What do you do with that massive pile of earth????

Started by Lazybones, June 27, 2005, 10:22:09

Previous topic - Next topic

Lazybones

Popped down lottie yesterday to get some potatoes yesterday and noticed that the one that plot that had been left for years next to us has obviously now been rented as they had started doing some work.  Now, we have just been digging the surface grass off of ours and leaving on part of their lottie (as it wasn't rented) so obviously we have a mountain of grass there with bindweed etc growing through it and now I realise we are going to have to move it.  What does everyone else do - I will have to move it onto part of my lottie but with all the bindweed growing through it it's not going to be productive in the slightest.  Can's see any mini-mountains on anyone else's plots so am not sure what to do???  Will have to meet new neighbours and apologise soon  ;)

Lazybones


Gadfium

I too had mini mountains of grass (and couch grass roots). Luckily where we are, you are allowed bonfires. So it dries out, and then on a nice day when the wind takes the smoke away from the houses... out with a match. Actually, I've come down twice or thrice and found the thing already lit, & being tended for, by a lottie neighbour. I'd said to him just to shove his (very small) amount of rubbish on top of my Himalayan Range, since it made no relative difference to my excavations...


Mrs Ava

As you move it oik out as many roots as you can, then I guess you could cover it with something like carpet or weed surpressing fabric, or plassy, then you could plant a pumpkin or 2 into it.  I have 2 mini Snowdons on my number 2 plot, one each end, and it is my winters job to try and riddle the soil, remove all the bindweed roots, then redistribute it onto the plot.  Seems a waste not to.

NattyEm

We got our lottie in January and have huge piles of the stuff!  I've covered one in manure then black plastic then planted squashes through it, and am waiting to see what will happen!

Robert_Brenchley

Pile it up somwhere on your plot, cover with black plastic and leave for 12 months. Then spread it, and watch out for monster flushes of weeds shortly afterwards. It settles down after that. If the bindweed is massive, some of it may well survive, if so just pick it out (which is easy at that stage) and compost it for another year. I did this systematically when I first had my plot; I'm still working my way through the mountains, spreading them, but it pays in the end.

moonbells

If you do cover up with black plastic (which I'd do too) put some underneath too - wrap it up.  I had a pile of manure delivered a year or so ago which was lovely but the bindweed underneath invaded so now I have to riddle it out whenever I want some manure!
The opposite may be true - your dug-up bindweed may well migrate downwards so I'd make sure it doesn't!
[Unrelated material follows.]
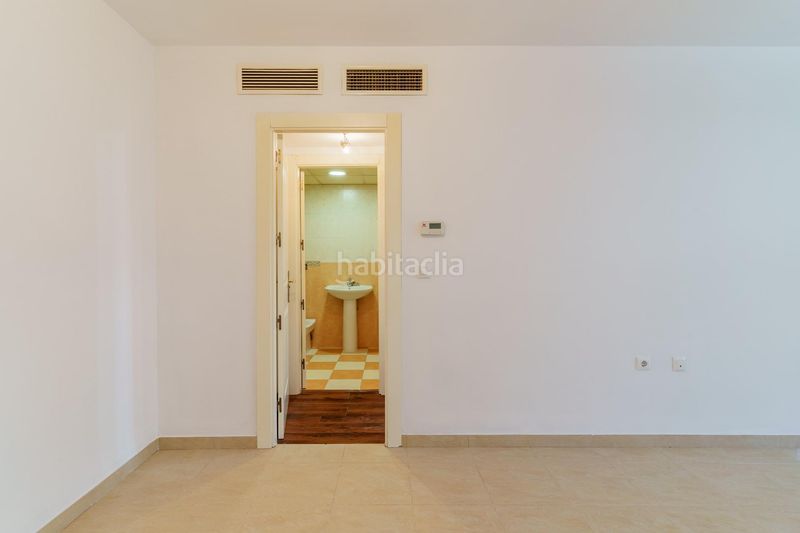 Foto e24a97db-7f42-4451-b0ab-4ec7b8e11afa. Etagenwohnung mit parking in Motril ciudad Motril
(And next time I get manure delivered, it will be onto a sheet!)

moonbells
Diary of my Chilterns lottie (NEW LOCATION!): http://www.moonbells.com/allotment/allotment.html

wivvles

I had a huge amount that I had loaded into bags ready to go to the dump.  Then I got hold of one of those large builder's merchant's bags that they deliver gravel etc in.  I rigged it up between four fence posts and have emptied all the sacks in there with loads of comfrey leaves and a good dose of wee.  I've covered the top with the old jacket from the central heating cylinder to help it get warm, covered with black plastic, and will leave it for at least twelve months, probably longer.  Hopefully, that might help do it.
Nagaraeba
Mata kono goro ya
Shinobaremu
Ushi to mishi yo zo
Ima wa koishi

londonfarming

pm BRESSANGE.

fbgrifter

my allotment neighbour had a huge pile of nettles and couch grass from clearing his plot.  he covered it with black plastic for a year, and the following year, when the hedgehogs had moved out, he covered it with weed suppressant matting and planted pumkins in it and they are growing like wildfire!